“Four miles from Glastonbury lies the little city of Wells, where is one of the neatest, and, in some respects, the most beautiful, cathedrals in England, particularly the west front of it, is one complete draught of imagery, very fine, and yet very ancient. This is a neat, clean city, and the clergy, in particular, live very handsomely. Here are no less than seven-and-twenty prebends, and nineteen canons, belonging to this church, beside a dean, a chancellor, a precentor, and three arch deacons; a number which very few cathedrals in England have, beside this. The city lies just at the foot of the mountains called Mendip Hills, and is itself built on a stony foundation. Its manufacture is chiefly of stockings, as is mentioned already; ’tis well built, and populous, and has several good families in it; so that there is no want of good company there.”
Daniel Defoe – A Tour Through the Whole Island of Great Britain (1724 – 6)

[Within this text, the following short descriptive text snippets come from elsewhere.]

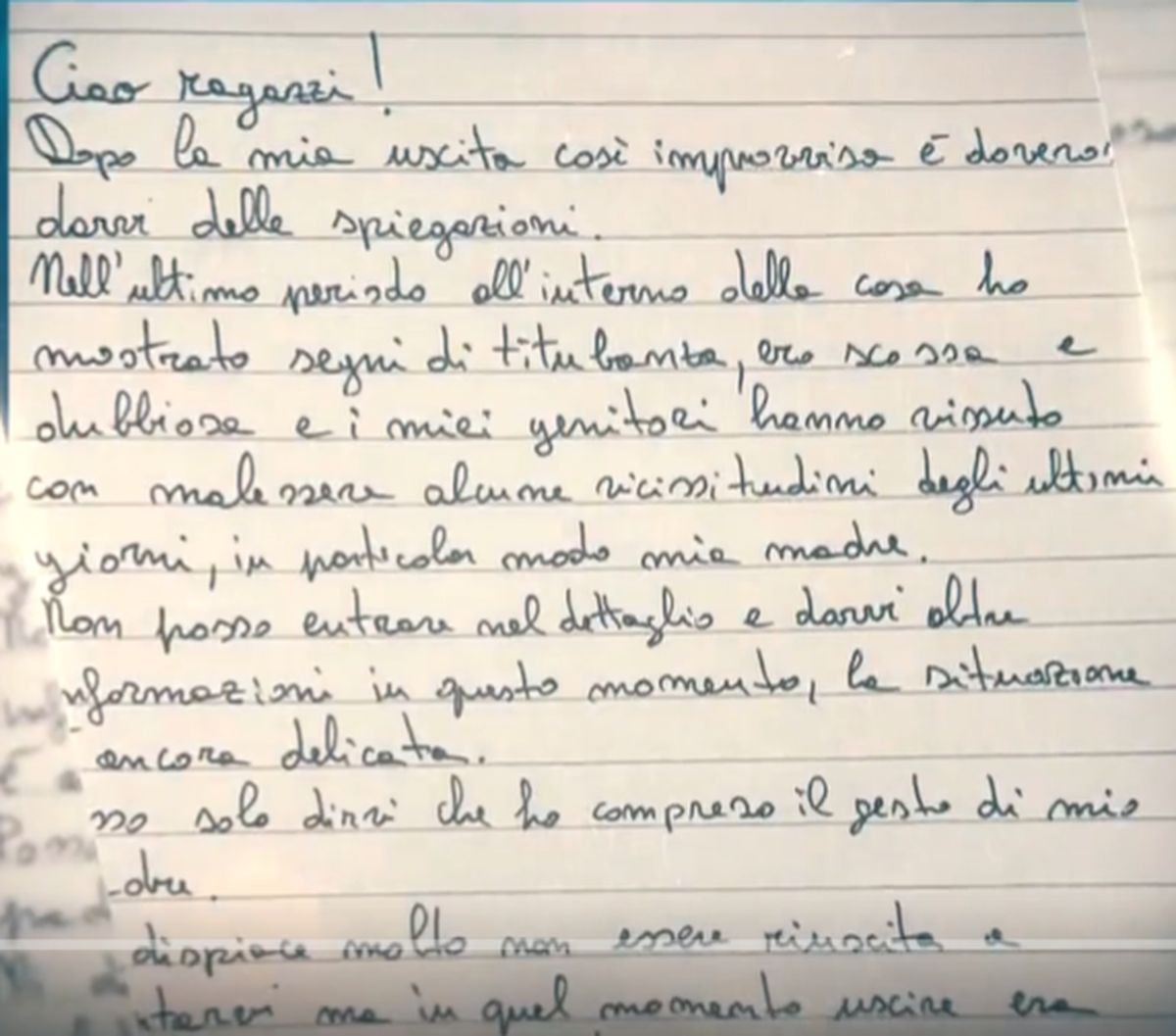 Lettera di Heidi Baci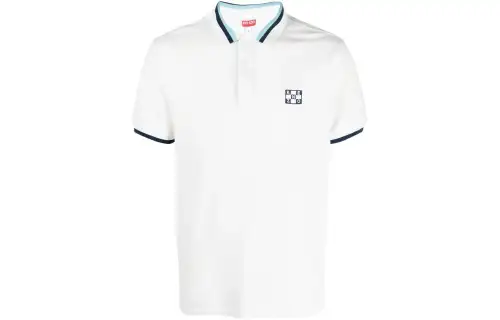 KENZO Polo Shirts Men's White Polo Collar Moderate Straight Fit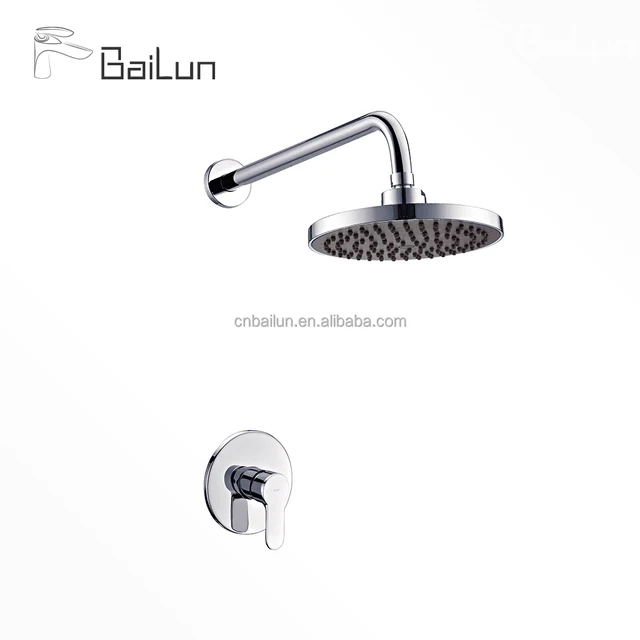 bathroom single lever concealed rain shower with round in-wall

Around 700 AD, the West Somerset Saxon King, Ine, on the advice of Bishop Sherbourne, built the first church at Wells in honour of St. Andrew. The Wells area was rich in resources and so would certainly have been inhabited for some time.
Wells and Somerset got their first Bishop, Athelm two centuries later and Wells was raised to the status of Cathedral Church.
It was on the arrival of the Norman Bishop, John De Vilula, that the seat was moved to Bath. He assumed the title Bishop of Bath and Wells fell into decay.
Robert of Lewes, his successor, repaired damaged buildings of Wells, gave the clergy an efficient administration and granted a charter which marked the start of the city’s independence.
Wells was later granted three further Charters. It now had the right to hold weekly markets and four fairs a year.
Bishop Reginald de Bolun pulled down the old Cathedral and began building the current one around 1180. He was only responsible for the transepts, parts of the choir and nave and the north porch. His successors completed the project which took 250 years.